Author |
Message
|
dkeister |
Posted: Wed Apr 14, 2004 12:13 pm Post subject: Repeating fields from Excel |
|
|
Disciple
Joined: 25 Mar 2002 Posts: 184 Location: Purchase, New York
|
I'm having trouble with generating a message set that maps a file created from a spread sheet.
In the simple case there are two columns (A and B)
A contains data, sometimes B contains data.
When I export the data from Excel they are tab delimited with cr/lf at end of each line so
A B
C
D E
becomes
A<tab>B<CRLF>C<tab><CRLF>D<tab>E<CRLF>
I have a type called ROW with all elements delimited with <HT> and containing two elements COL1 and COL2
I have a second type called ROWS with all elements delimited with <CR><LF> containing one element ROWELEMENT of type ROW, Repeating with repeating element delimiter <CR><LF>
When I try to use this with the sample, AB and C get parsed and DE is ignored.
It seems the parser stops with after the 'empty' COL2 field.
What am I missing? |
|
Back to top |
|
 |
Missam |
Posted: Wed Apr 14, 2004 12:40 pm Post subject: |
|
|
Chevalier
Joined: 16 Oct 2003 Posts: 424
|
It looks like you missed some thing
let me tell what i understood from you data
A and B will be of a compound type
A,B and C will be of another compound type
if this is repeating you need to create one more compound type saying the above compound type is repeating.
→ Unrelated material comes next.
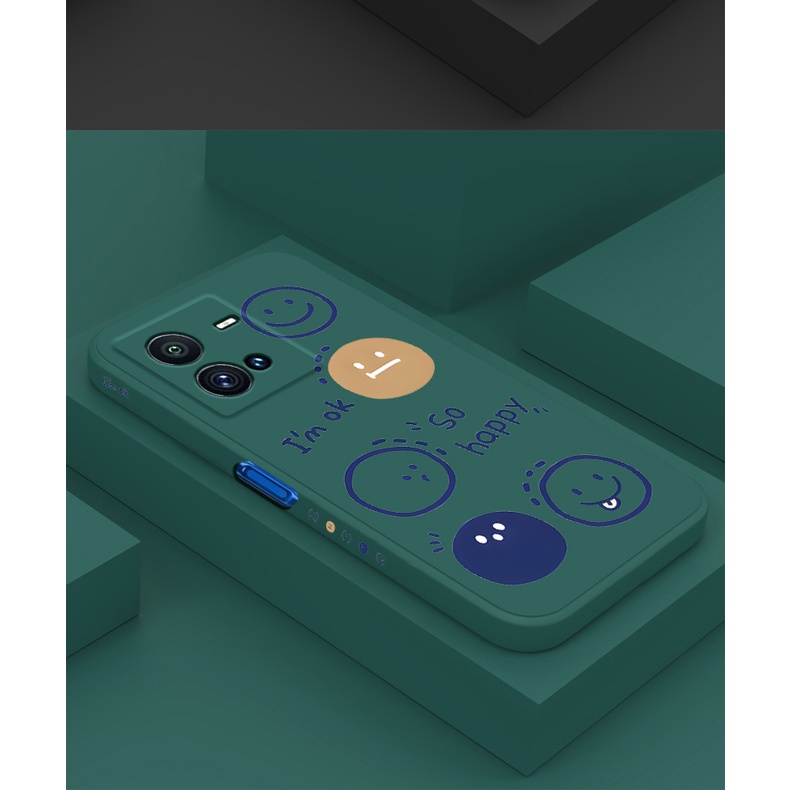 Ốp Điện Thoại Dạng Lỏng Chống Sốc In Hình Năm Mặt Cười Đơn Giản Cho Vivo V25e V25 Pro 5g Realme 9i 5g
I guess you need one more compound type |
|
Back to top |
|
 |
dkeister |
Posted: Wed Apr 14, 2004 1:02 pm Post subject: |
|
|
Disciple
Joined: 25 Mar 2002 Posts: 184 Location: Purchase, New York
|
I don't know which 'row' has the second field. Think of it as a spread sheet with two columns A and B, either of which might be empty.
A B
R
C D
G
H I
This looks like
A<HT>B<CRLF>
R<HT><CRLF>
C<HT>D<CRLF>
<HT>G<CRLF>
H<HT>I<CRLF>
Each element in a row from the spread sheet may or may not contain a value. |
|
Back to top |
|
 |
kimbert |
Posted: Thu Apr 15, 2004 2:27 am Post subject: |
|
|
 Jedi Council
Joined: 29 Jul 2003 Posts: 5542 Location: Southampton
|
Try this:
ROW is an unbounded repeating element (maxOccurs = 0). Its repeating element delimiter is <CRLF>.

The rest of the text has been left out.